Swimstress

(Pronounced much like seamstress, but just a different first set of letters.)

I attended a swim meet today for little kids.

On the way over, I was discussing on the phone with my aunt my own swim team days, and how stressful they always were for me – a fact which I had rather forgotten entirely until the discussion today.

I wasn’t concerned in any way, of course, but instead excited to be attending the meet and finally not being one swimming in it.

While watching the little kids swim, however, I found myself rubbing genuine tears from the sides of my eyes (at first, I’d thought it was just sweat, or something in my eye, but quickly discovered that they were actual tears), and not from joy or excitement.

I wished my little family members fun and luck – I hoped their swim each time went well and that they enjoyed doing it.

The parents all around me had other thoughts and ideas for their children… speed, winning, beating the other kids, going as hard and fast as they could… this is what they told the kids constantly before each heat began…

‘Go as fast as you can, okay?…, as fast as you can!’

One parent, upon hearing a coach say to a child to make sure she has fun, casually added to her just-completed long declarations of necessary speed, with a pathetic fervor, ‘Disfruta.’ (Spanish for ‘Have fun,’ or ‘Enjoy.’)

She didn’t seem too convinced that having fun was a priority, though. :/

The whole thing ended up carrying a whole sense of stress for me, and had me wondering how many children were going to struggle because of this pressure from these parents…. they aren’t even over six years old yet, and they are crying their eyes out after swimming a fabulous 25 metres, just because they didn’t win…

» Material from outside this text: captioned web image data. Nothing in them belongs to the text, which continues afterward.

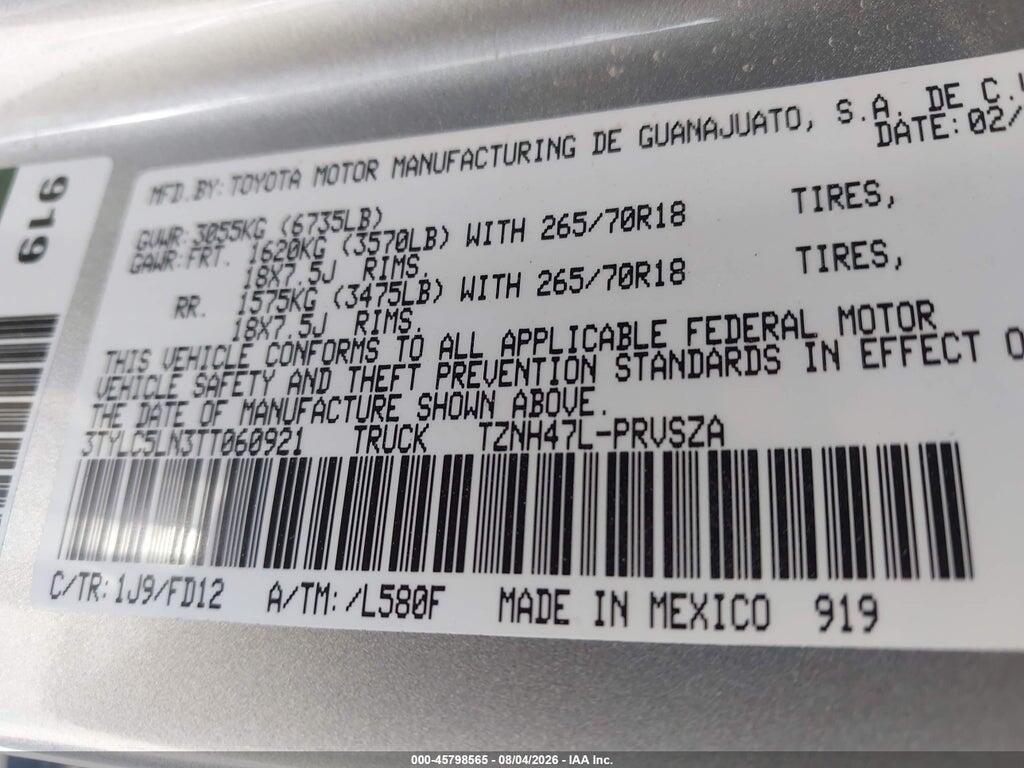 3TYLC5LN3TT060921 2026 TOYOTA TACOMA HYBRID photo no. 9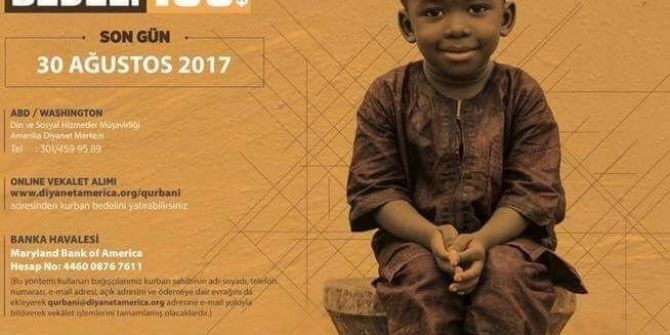 Türkiye Diyanet Vakfı, Abd’de Kurban Bağışı İçin Çalışma Başlattı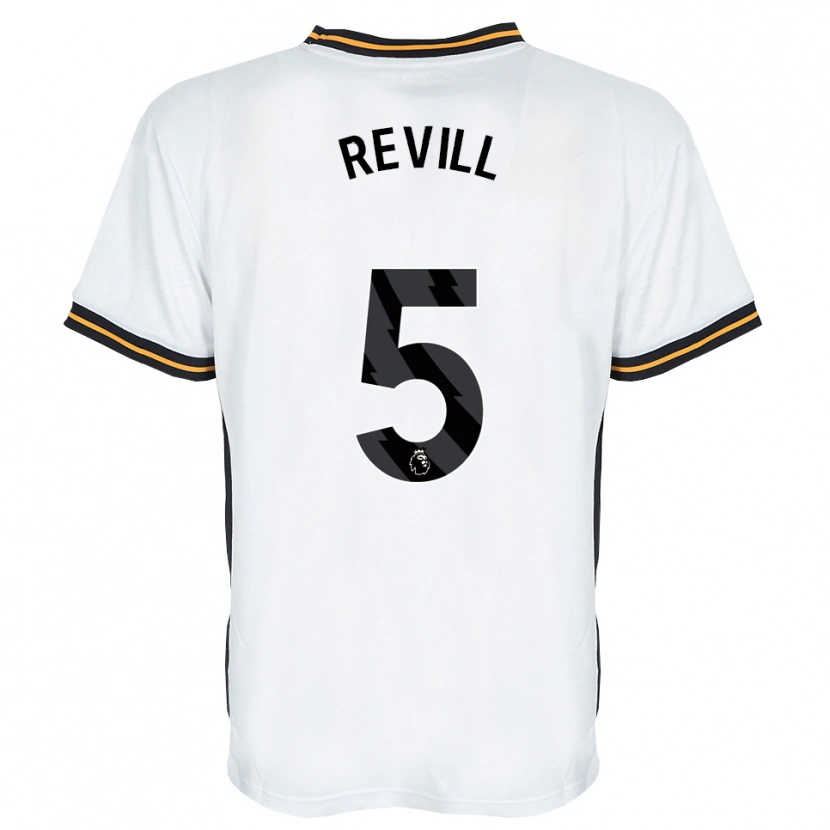 DanxenキッズHarry Revill#5ホワイト オレンジ ブラックアウェイシャツ2026/27ジャージーユニフォーム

Now, not all the kids were like this, of course…, but there were enough to make me rather uneasy.

If it had just been the parents cheering on the kids to do their best, that would have been fabulous.

But it wasn’t that, was it?

Very few adults seemed to be cheering that way at all…., and it made me want to ask them to consider what their priorities are regarding their children and the happiness of their children.

Perhaps I’m not doing a very good job at portraying the parental cheering and commentary… it just seemed like no one encouraged the kids to do their best, even – all that mattered was going fast, according to all the parents were saying.

And odd topic for a regular Monday night swim meet, I dare say(!).

Anyway, I was able to see why on Earth I was so stressed out at swim meets as a child – there is an immense amount of rather intense pressure, most of which is literally being screamed at you as a swimmer… no wonder I totally disliked it and always felt like I was letting everyone down and failing.

Plus, compared to my older brothers, who swam first heat in their ages groups, and who often got top places in their heats, I really sucked, being in second or third (or even last heat, sometimes), and not even getting a top placement there… I had a real ball-fest whenever I received that all-too-common purple ribbon after my swim: DQ (disqualification)…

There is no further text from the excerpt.